In 1879, Walcott joined the US Geological Survey and rose to become its director in 1894. He worked especially on the Cambrian layer in locations throughout the United States, making numerous field trips and linking the fossils he collected to the sequence of rocks in a way that made important contributions to stratigraphy.
He married Helena Breese Stevens in 1888. They had four children between 1889 and 1896: Charles Doolittle Walcott, Sydney Stevens Walcott, Helena Breese Walcott, and Benjamin Stuart Walcott.
Walcott was elected to the National Academy of Sciences in 1896. In 1902, he met with Andrew Carnegie and became one of the founders and incorporators of the Carnegie Institution of Washington. He served in various administrative and research positions in that organization. In 1921 Walcott was awarded the inaugural Mary Clark Thompson Medal from the National Academy of Sciences.[2]
Walcott became Secretary of the Smithsonian Institution in 1907 after the death of Samuel Pierpont Langley, holding the latter post until his own death. He was succeeded by Charles Greeley Abbot. Because of Walcott's responsibilities at the Smithsonian, he resigned as director of the United States Geological Survey.[1] As part of the centennial celebration of Darwin's birth, Walcott was awarded an honorary doctorate by the University of Cambridge in 1909.[3]
He served as president of the American Association for the Advancement of Science in 1923. He was an advisor to then-president, Theodore Roosevelt.[1]
Walcott had an interest in the conservation movement and assisted its efforts.[1]
In 1910, the year after his discovery of Cambrian fossils in the Burgess shale, Walcott returned to the area accompanied by his sons Stuart and Sidney. Together they examined all the layers on the ridge above the point where the fossil-laden rock had been found, eventually finding the fossiliferous band. Between 1910 and 1924, Walcott returned repeatedly to collect more than 65,000 specimens from what is now known as the Walcott Quarry, named after him.

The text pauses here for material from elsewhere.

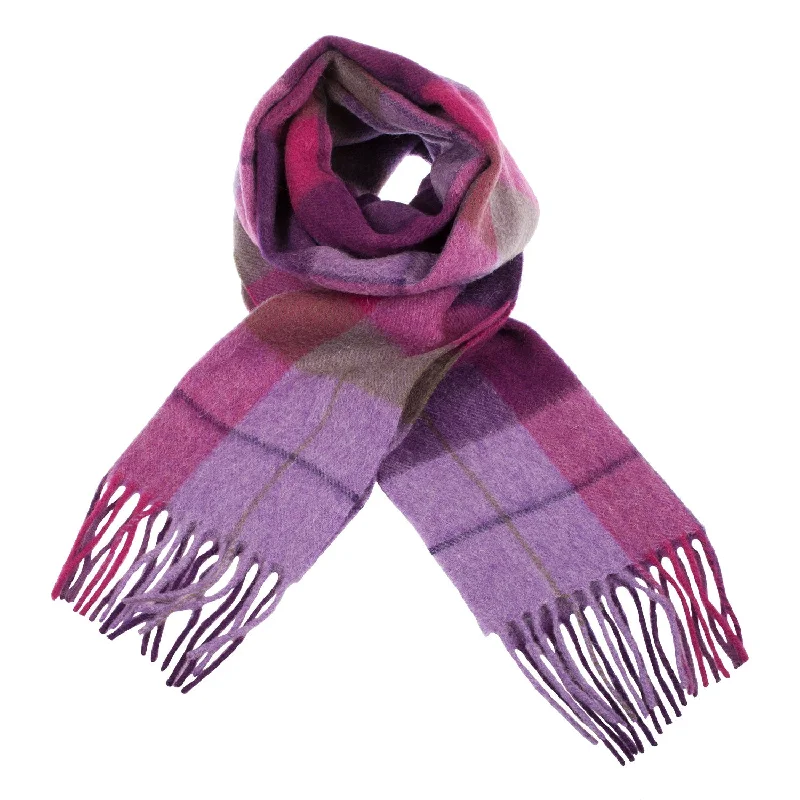 Edinburgh 100% Lambswool Scarf  Mixed Check - Heather/Pink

Walcott's wife Helena died in a train crash in Connecticut in 1911. In 1914, Walcott married his third wife, Mary Morris Vaux, an amateur artist and avid naturalist. She was happy to accompany him on his expeditions, as she loved studying nature. She made beautiful watercolor illustrations of wildflowers as she traveled with him in Canada.
Although Walcott spent a considerable amount of time at the Burgess Shale quarry on what became known as Fossil Ridge, he also traveled widely in other areas of the Canadian Rockies. Some of his numerous scientific publications feature spectacular panoramic photographs of the mountains taken from high passes or high on mountain slopes.

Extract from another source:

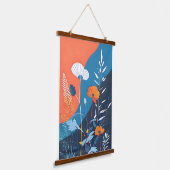 Abstracte Levendige Bloemen Poster Hangend Wandkleed (Gebogen)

After Walcott's death in Washington, DC, his samples, photographs, and notes remained in storage until their rediscovery by a new generation of paleontologists in the late 1960s. Since then, many of his interpretations have been revised.
Walcott would be little known today if he had not been brought to attention by Stephen Jay Gould's book Wonderful Life (1989). In this book, Gould put forth his opinion that Walcott failed to see the differences among the Burgess Shale species and "shoehorned" most of these fossils into existing phyla. Many paleontologists would now take a much less negative view of Walcott's descriptions and of the theoretical perspective that shaped them.[4]
Walcott's work on Ordovician trilobites of New York also tended to be overlooked until, in the early 1990s, Rochester-based amateur paleontologist Thomas Whiteley revived Walcott's research and re-opened the Walcott-Rust quarry near Russia, New York. This localized stata has some of the best preserved Laurentian trilobites ever found, including enrolled specimens with soft body parts.
A peak on Mount Burgess in Canada was named after him. The Charles Doolittle Walcott Medal is awarded by the National Academy of Sciences every five years for outstanding work in the field of pre-Cambrian and Cambrian life and history.